Winter Meetings Wrap-Up

So, the Winter Meetings are over, and I can honestly say, these were 100% more interesting than any other one in recent memory. Miggy Cabrera and D-Train? Meh...

Does my bias have anything to do with both New York teams stealing all the headlines? Can I help it if this city is stuffed to the gills with chedda, ready to spend, baby?

Fuck no, I can't.

And is it my fault that a bunch of fat nerds with laptops and soul-stealing agents in $3K suits and dimwitted GMs with thumbs firmly inserted into their assholes got together in Vegas and saw more action than you at a douchey Manhattan lounge with a kilo of Columbian Charlie?

Again, no, not my fault. So let's move on and break the week down...

- If I hear one more fucking person say, "$161MM is too much for one pitcher", I'm going to throw up. And not because I had shitty Chinese food today that made me feel like I swallowed a broken light bulb rolled in Drano, but because what most of these people fail to realize is that if Johan signed for one more year, their contracts would be roughly the same. So suck on that, dickheads

- The Mets scored big with their acquisition of J.J. Putz from Seattle. And, call me crazy, but is it impossible to believe that Putz could end up being the closer should K-Rod's arm disintegrate into thin air, mid-pitch, as is being predicted by every sausage-link-finger tub-of-shit-writers from Boston to San Diego?

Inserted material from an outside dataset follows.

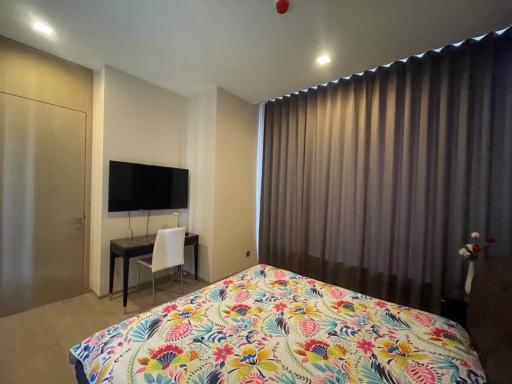 2 bed Condo in The ESSE Asoke Khlong Toei Nuea Sub District C020847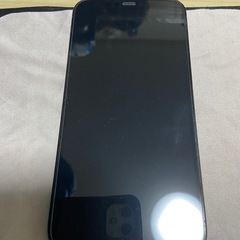 iPhone12 Pro 256GB パシフィックブルー  SIMフリーの画像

- Signing Derek Lowe for 5 years is like spending one accidental minute in the locker room shower, minus a bathing suit, with A-Rod - too long...unless you're a queer, then bottoms up, gaylord.

- Did anyone else want to see the ESPN ticker announce Washington as the winner of the Teixeira sweepstakes just to hear a collective moan make its way down 95 from Boston?

-Why Mike Cameron makes sense for the Yankees:
a. He has one year and $10MM left on his contract.
b. He looks like Seal, which means his wife may look like Heidi Klum, which guarantees some serious boner action.
c. He's black - black people are better athletes than all other's science.
d. He's all-around just a better player than Melky Cabrera

- Did anyone, and I mean anyone, really think Jake Peavy was going to the Cubs this week? Every fucking time ESPN splattered some bullshit on the screen about the deal being "close" or "nearly finalized" I wanted to throw my fucking shoe through the screen. Stop playing with my emotions!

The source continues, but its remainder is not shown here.